### [EXERCISE INSTRUCTIONS]
Starting at the first line of the entries below, please return exactly each line up to and including the one with "White-throated Sparrow - ML645236942"; pictures stay out.

[Captioned web images]
▽

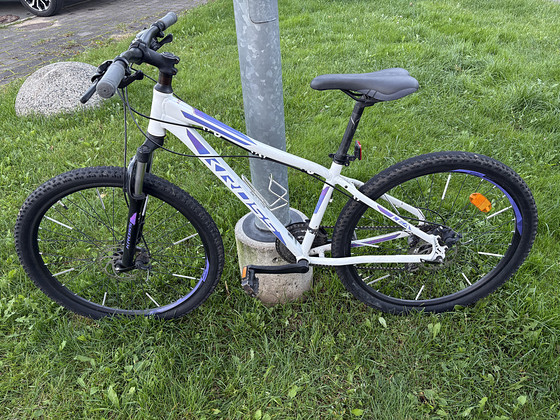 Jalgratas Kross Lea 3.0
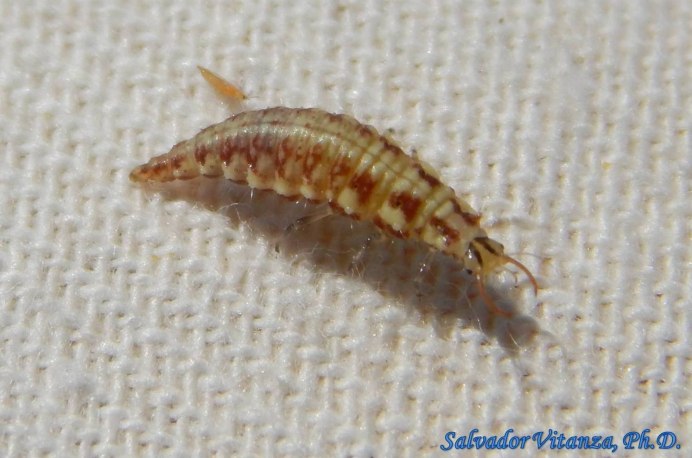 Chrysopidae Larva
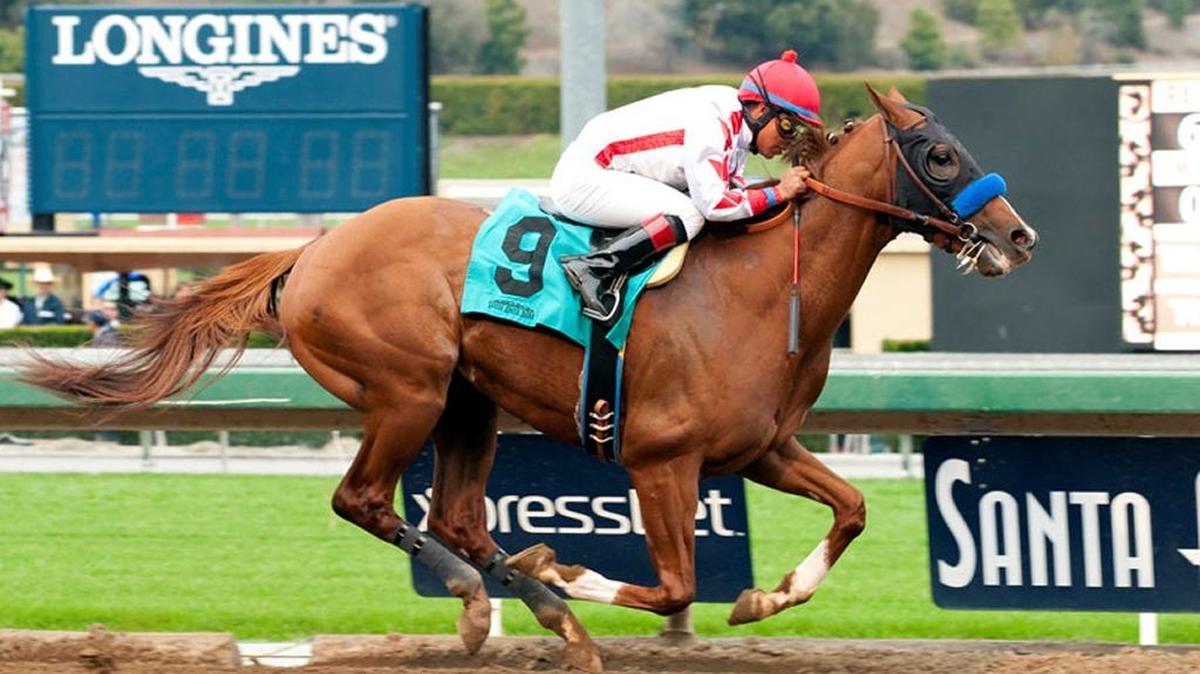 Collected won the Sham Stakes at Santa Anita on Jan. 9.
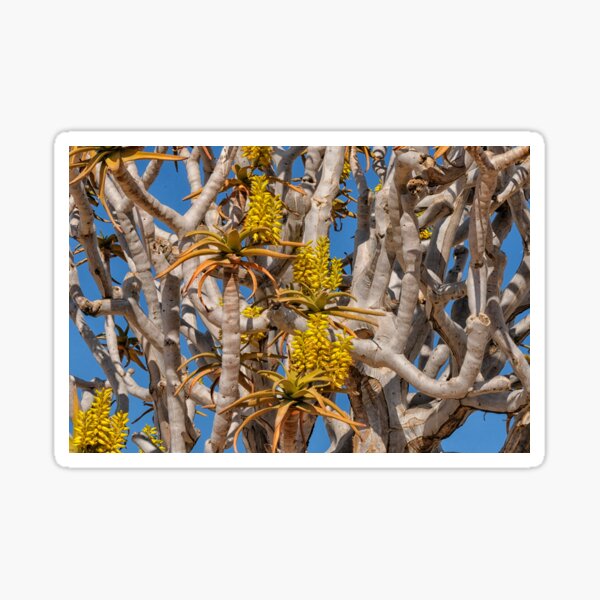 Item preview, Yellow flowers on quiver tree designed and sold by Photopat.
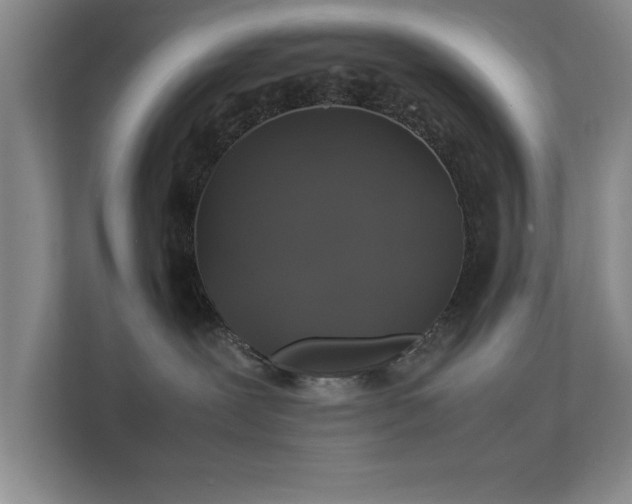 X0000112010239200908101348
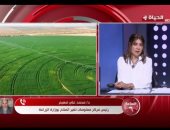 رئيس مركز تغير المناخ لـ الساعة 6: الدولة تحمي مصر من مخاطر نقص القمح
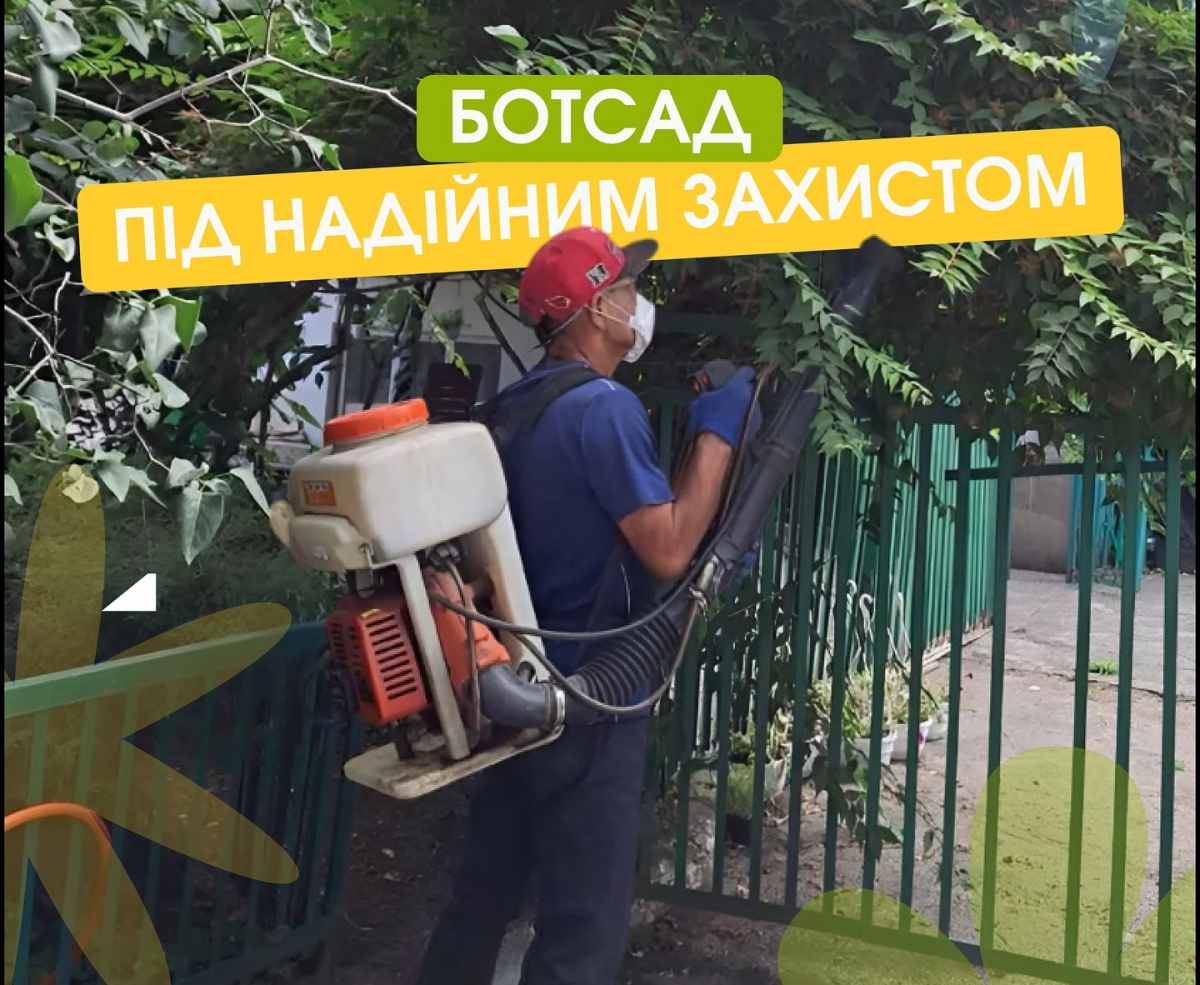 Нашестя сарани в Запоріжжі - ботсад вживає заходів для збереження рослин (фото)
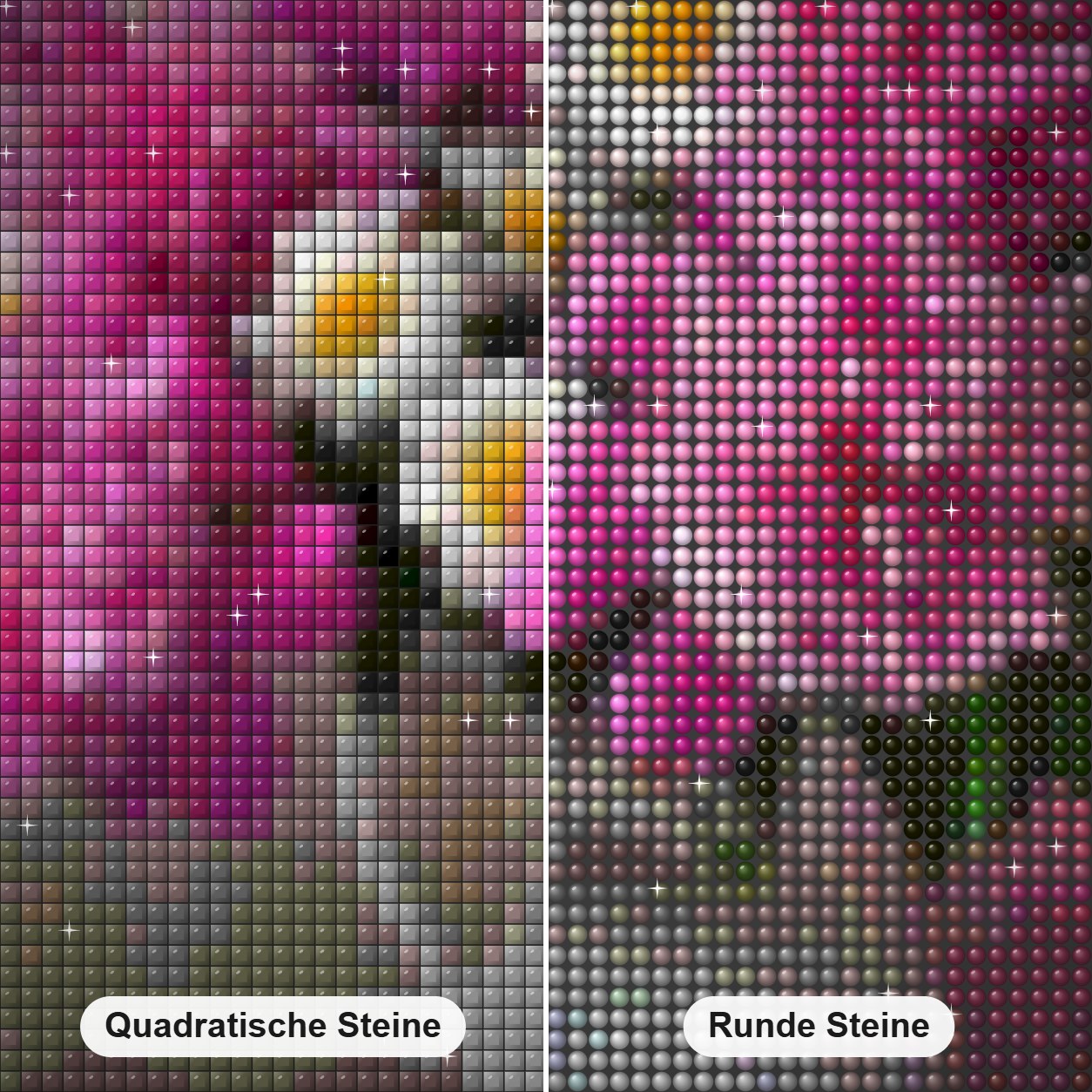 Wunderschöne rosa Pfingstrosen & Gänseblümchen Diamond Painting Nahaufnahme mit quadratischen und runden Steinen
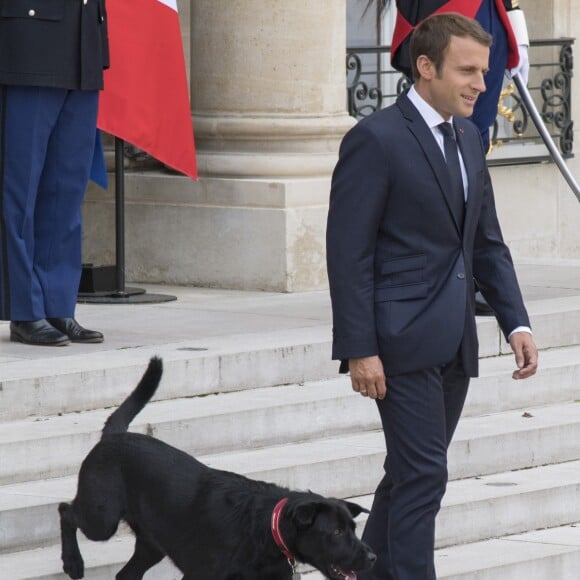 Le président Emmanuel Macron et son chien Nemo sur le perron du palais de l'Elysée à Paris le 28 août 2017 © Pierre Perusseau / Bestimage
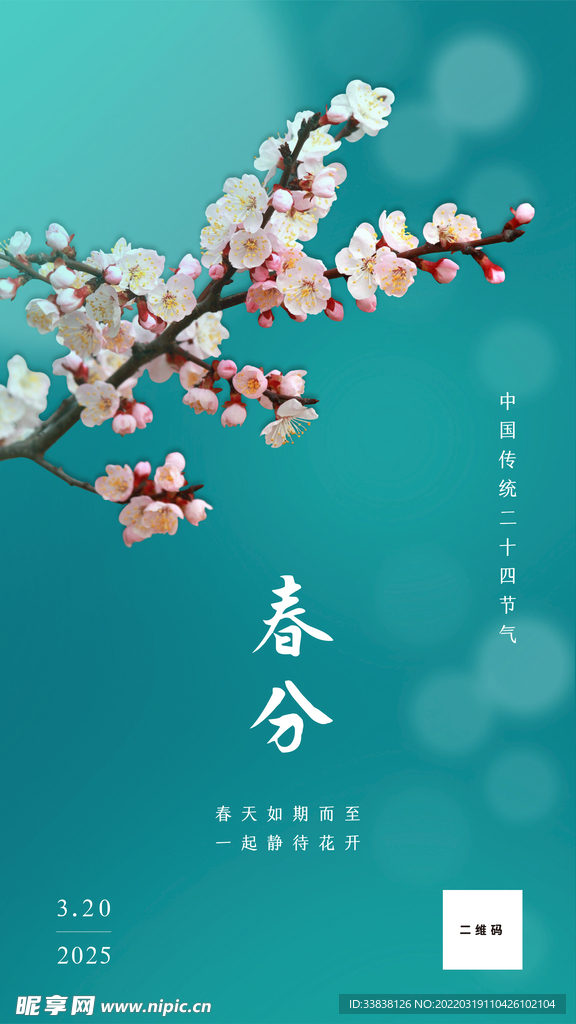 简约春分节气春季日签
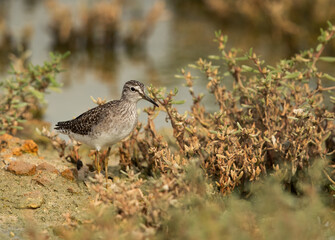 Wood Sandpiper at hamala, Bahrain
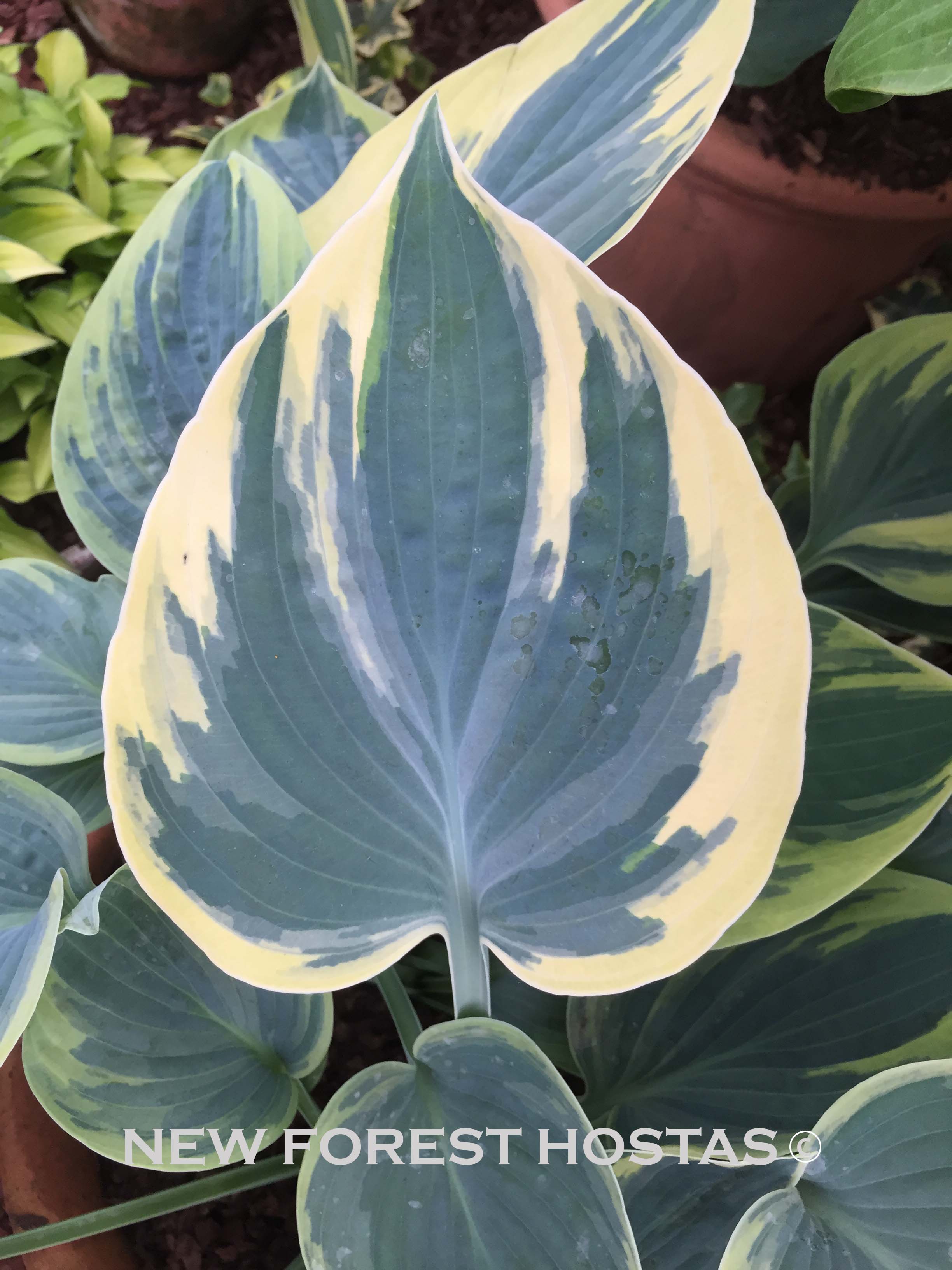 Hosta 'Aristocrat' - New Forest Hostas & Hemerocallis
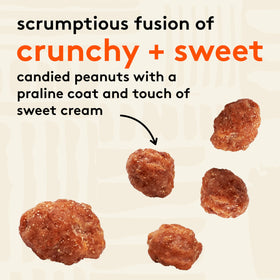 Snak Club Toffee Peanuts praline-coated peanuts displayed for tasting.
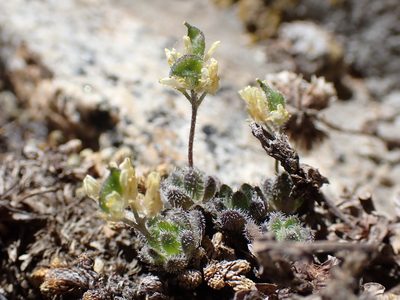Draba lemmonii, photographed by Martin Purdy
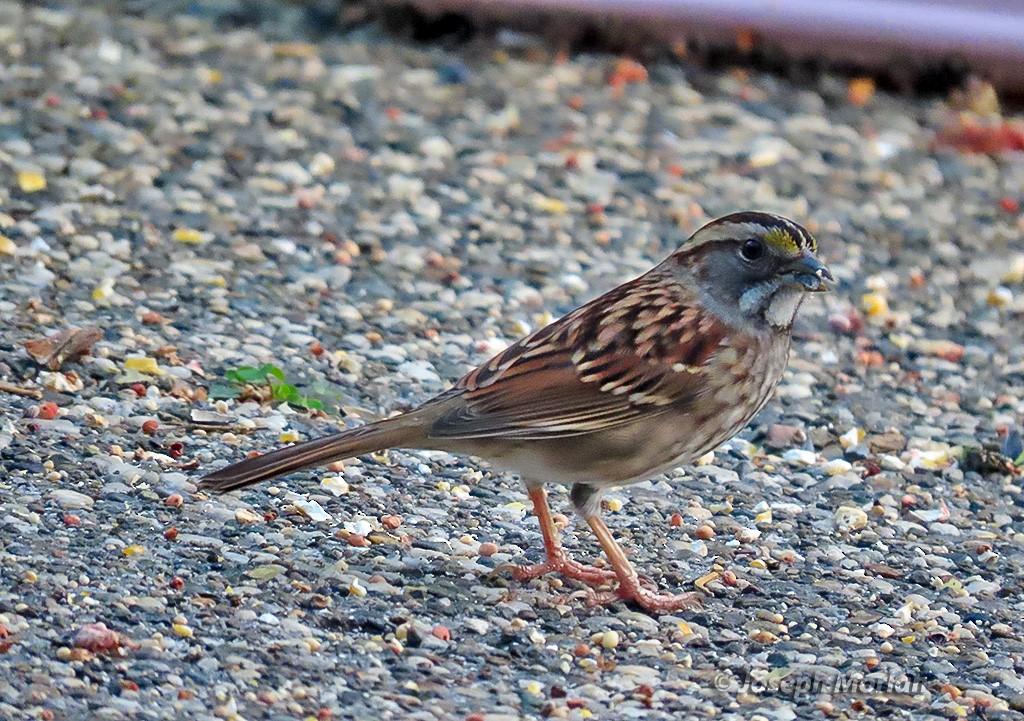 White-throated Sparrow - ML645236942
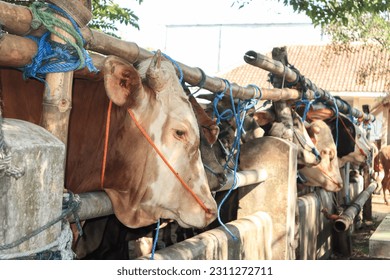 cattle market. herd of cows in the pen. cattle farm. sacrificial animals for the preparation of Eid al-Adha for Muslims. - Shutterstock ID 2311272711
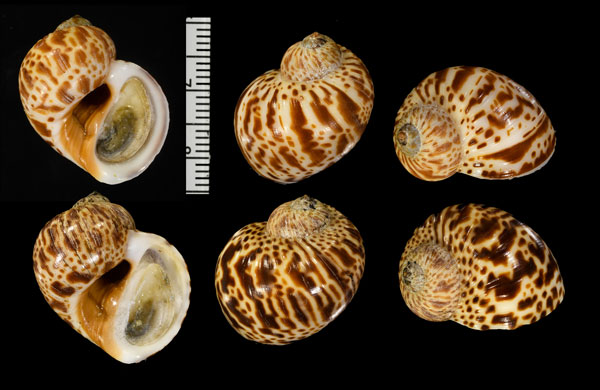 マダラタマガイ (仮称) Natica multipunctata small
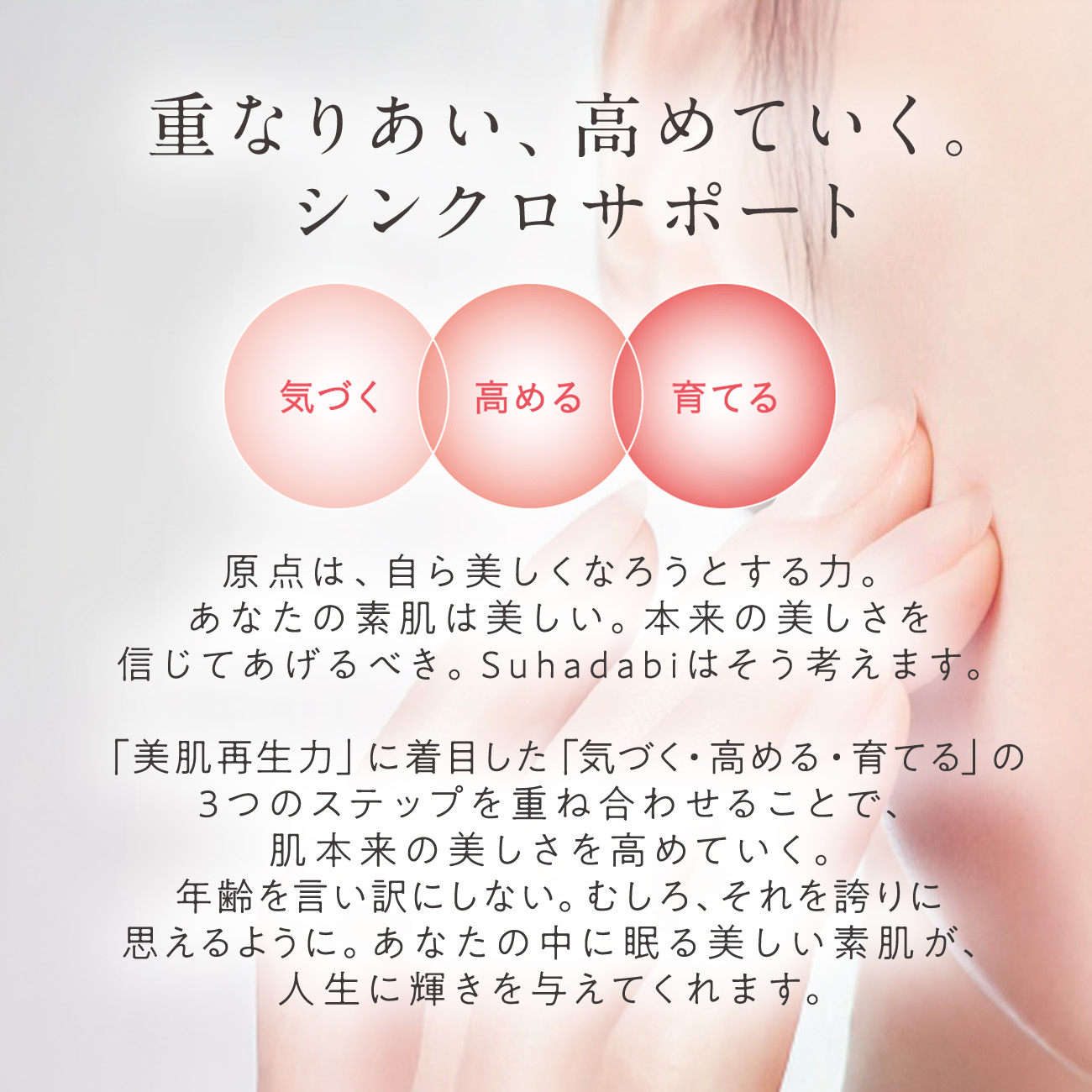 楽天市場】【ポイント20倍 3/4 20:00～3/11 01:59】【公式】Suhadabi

△

### [EXPECTED ANSWER]
 Jalgratas Kross Lea 3.0
 Chrysopidae Larva
 Collected won the Sham Stakes at Santa Anita on Jan. 9.
 Item preview, Yellow flowers on quiver tree designed and sold by Photopat.
 X0000112010239200908101348
 رئيس مركز تغير المناخ لـ الساعة 6: الدولة تحمي مصر من مخاطر نقص القمح
 Нашестя сарани в Запоріжжі - ботсад вживає заходів для збереження рослин (фото)
 Wunderschöne rosa Pfingstrosen & Gänseblümchen Diamond Painting Nahaufnahme mit quadratischen und runden Steinen
 Le président Emmanuel Macron et son chien Nemo sur le perron du palais de l'Elysée à Paris le 28 août 2017 © Pierre Perusseau / Bestimage
 简约春分节气春季日签
 Wood Sandpiper at hamala, Bahrain
 Hosta 'Aristocrat' - New Forest Hostas & Hemerocallis
 Snak Club Toffee Peanuts praline-coated peanuts displayed for tasting.
Draba lemmonii, photographed by Martin Purdy
 White-throated Sparrow - ML645236942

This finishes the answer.